Justice Department argues Trump should be able to accept payments from foreign governments
The emoluments clause has been a subject of contention since before Trump took office, due in part to his labyrinthine business empire that watchdogs and critics said would entangle Trump in a web of conflicts of interest as president.
Lawyers for the DOJ argued that the emoluments clause does not apply to fair-market commercial transactions, such as fees incurred from hotels and golf club memberships, licensing payments, and office rent.The Justice Department is asking a judge to dismiss a lawsuit filed by several plaintiffs, including Citizens for Responsibility and Ethics in Washington (CREW), a watchdog group that alleges Trump's business dealings run afoul of the Constitution.
"Plaintiffs read these Emolument Clauses expansively to cover any benefit derived from any business dealings with a foreign, federal, or state instrumentality by an entity in which the President has a financial interest," the Justice Department said in a memorandum.

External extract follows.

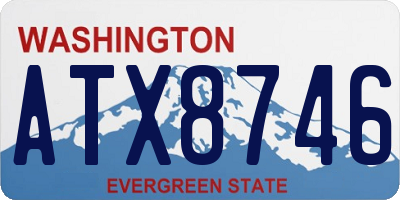 WA license plate ATX8746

The DOJ also argued that the Republican-controlled Congress, not the courts, should decide whether Trump is violating the emoluments clause.
CREW filed its suit against Trump in January, alleging that foreign diplomats and officials could seek to curry favor with Trump by patronizing Trump-connected businesses.
"We did not want to get to this point," said CREW Executive Director Noah Bookbinder in a January press release announcing the lawsuit. "It was our hope that President Trump would take the necessary steps to avoid violating the Constitution before he took office."
"He did not. His constitutional violations are immediate and serious, so we were forced to take legal action," Bookbinder said.